- **Directions**
Without the images, repeat every line of the listing verbatim.

+++ Available data +++

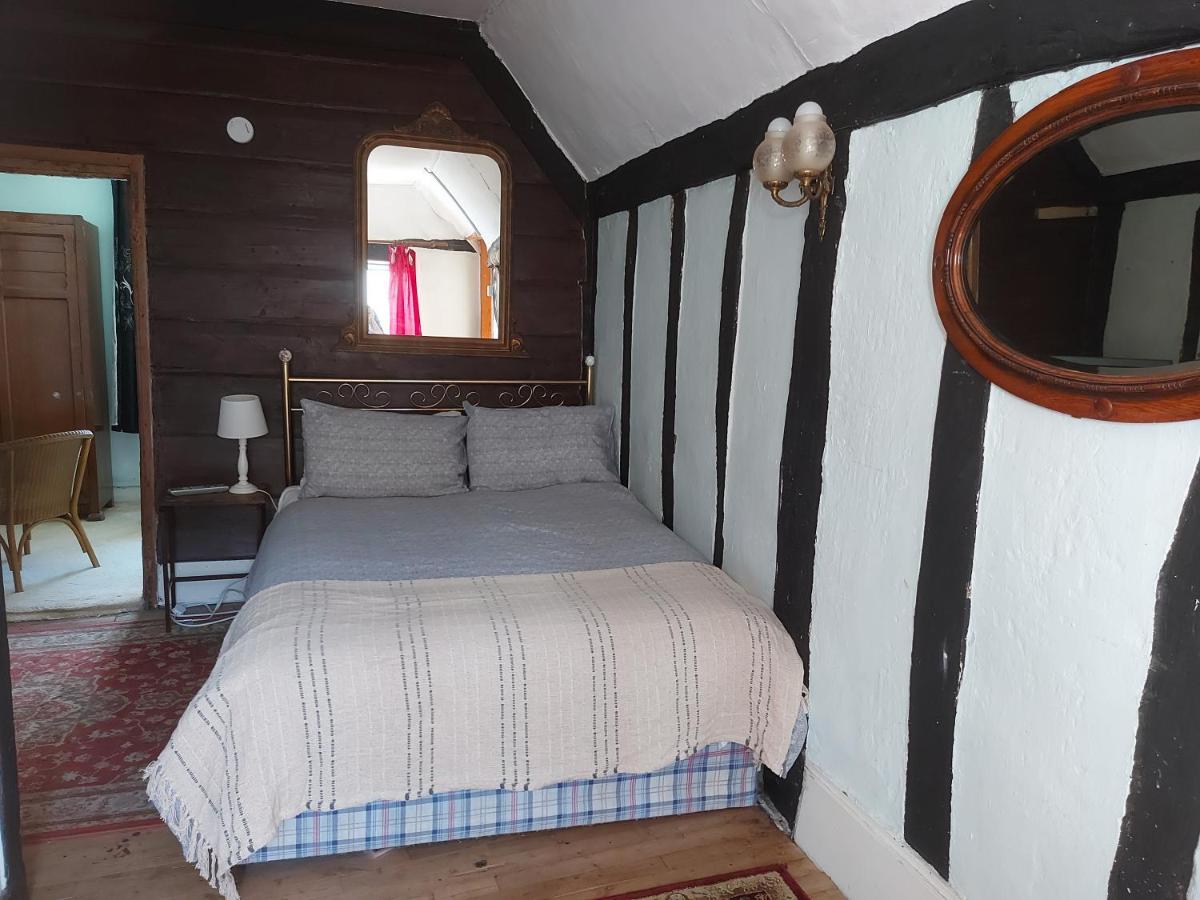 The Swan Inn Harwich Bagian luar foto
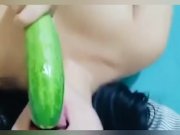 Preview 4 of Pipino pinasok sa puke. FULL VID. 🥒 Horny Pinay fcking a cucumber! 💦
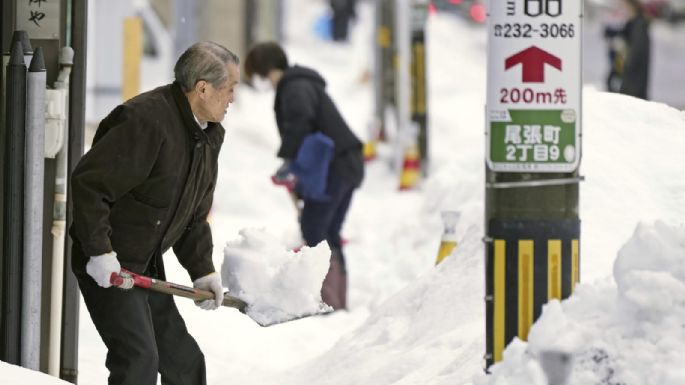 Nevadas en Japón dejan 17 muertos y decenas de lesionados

+++

- **Completed exercise**
 The Swan Inn Harwich Bagian luar foto
 Preview 4 of Pipino pinasok sa puke. FULL VID. 🥒 Horny Pinay fcking a cucumber! 💦
 Nevadas en Japón dejan 17 muertos y decenas de lesionados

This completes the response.